The Mechanics of Singapore Washing
The strategy is straightforward. Chinese-founded firms relocate part of their corporate structure to Singapore to access Western capital and present a neutral face, while operations, intellectual property and the substance of the business remain in China. Shein, which moved its headquarters to Singapore in 2021 while keeping its roughly 10,000-supplier base in Guangdong, is a prominent example. Manus took the approach to its logical end in 2025, closing its China offices and moving its core team to Singapore in the months leading up to the Meta deal.
For a time, the gap between paper and substance did not matter, because no one with the power to act chose to look. Beijing's unraveling of the Manus-Meta deal was the moment someone looked and balked. The intervention established that a Chinese-founded company cannot simply re-domicile its way out of Chinese jurisdiction when its core technology and talent remain at home.
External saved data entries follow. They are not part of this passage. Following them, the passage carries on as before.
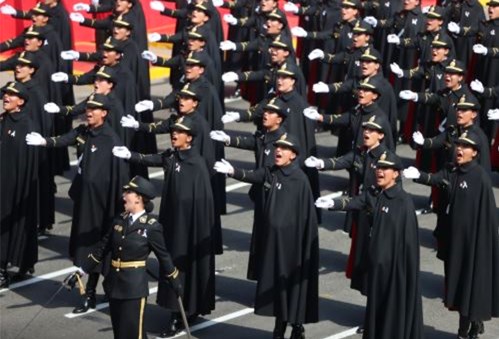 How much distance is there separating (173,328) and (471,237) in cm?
332

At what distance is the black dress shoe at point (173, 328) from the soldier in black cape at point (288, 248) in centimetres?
94

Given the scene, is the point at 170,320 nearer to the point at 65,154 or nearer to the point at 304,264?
the point at 304,264

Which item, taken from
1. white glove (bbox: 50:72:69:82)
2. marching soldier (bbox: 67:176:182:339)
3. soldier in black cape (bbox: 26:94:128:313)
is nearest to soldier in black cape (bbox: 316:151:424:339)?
marching soldier (bbox: 67:176:182:339)

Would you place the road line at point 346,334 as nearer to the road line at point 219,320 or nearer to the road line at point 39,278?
the road line at point 219,320

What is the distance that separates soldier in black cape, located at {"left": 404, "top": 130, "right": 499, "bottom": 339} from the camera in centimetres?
1680

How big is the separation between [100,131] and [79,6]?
640 cm

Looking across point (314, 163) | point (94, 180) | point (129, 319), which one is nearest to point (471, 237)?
point (314, 163)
The message, as one reading of the case put it, is that Singapore can be a launch pad but not an exit ramp. That is a problem for Chinese founders. And it is a larger problem for Singapore.
The Cost to Singapore
When the integrity of a Singapore corporate structure becomes contingent on whether Beijing decides to assert a claim over what is inside it, the Singapore flag stops being a clean signal. It becomes a question, and the cost of that question does not fall only on the firms that misused the playbook. It falls on every legitimately Singaporean company that now has to prove it is not one of them.
This matters more now because regional capital is already under strain. Southeast Asian venture funding is contracting sharply. PitchBook's data points to a 33.9% year-on-year decline in regional venture capital deal value in 2025, to US$6.3 billion across 805 transactions, a fall the firm attributes partly to reduced cross-border participation and tighter diligence standards. In a tightening market, investors become far less willing to underwrite structures they cannot fully verify. Ambiguity that was tolerated in a capital-abundant cycle gets repriced to zero in a capital-scarce one.
The accounting fraud at eFishery, once one of the region's most celebrated startups, had already reset diligence standards across Southeast Asia. The Manus block adds a second lesson: the corporate structure itself might not be what it appears to be, and a jurisdiction's protection is only as durable as the substance beneath it. Together, these cases are teaching capital to look harder at Asia's cross-border structures. Singapore, as the region's preferred neutral domicile, has the most to gain if that scrutiny finds substance, and the most to lose if it does not.
A Pattern Below the Headlines
The Manus case played out at the $2 billion level, which is why it made headlines. But the same structure shows up far below the headlines, in the deals investors actually see every week. Earlier this year, a founder pitched me on his semiconductor company. The pitch was for a Singapore-incorporated business for which the deck was clean, the market was real and the technology was genuinely differentiated. Then I asked three questions: Where does your intellectual property legally sit? Who owns the entity that owns it? And if I wire money into your Singapore company tomorrow, what exactly am I buying? He could not answer any of them cleanly. The IP sat in China. The product was built in China. The team was in China. The Singapore entity he was raising owned almost nothing of substance.
It was, in miniature and entirely sincerely, the same structure Beijing had just enforced against at the $2 billion level. The founder was not running a scheme. He had simply done what the ecosystem had taught him to do: put a Singapore wrapper on a Chinese business and assume the wrapper was enough. But it is no longer enough, and the Manus case is the clearest signal yet that Singapore washing will never be the same.
For investors, the lesson is clear: due diligence must now go beyond paper. For Singapore, the challenge is to ensure its corporate structures remain credible in a world where Beijing is willing to look inside them. The region's capital markets will be watching closely.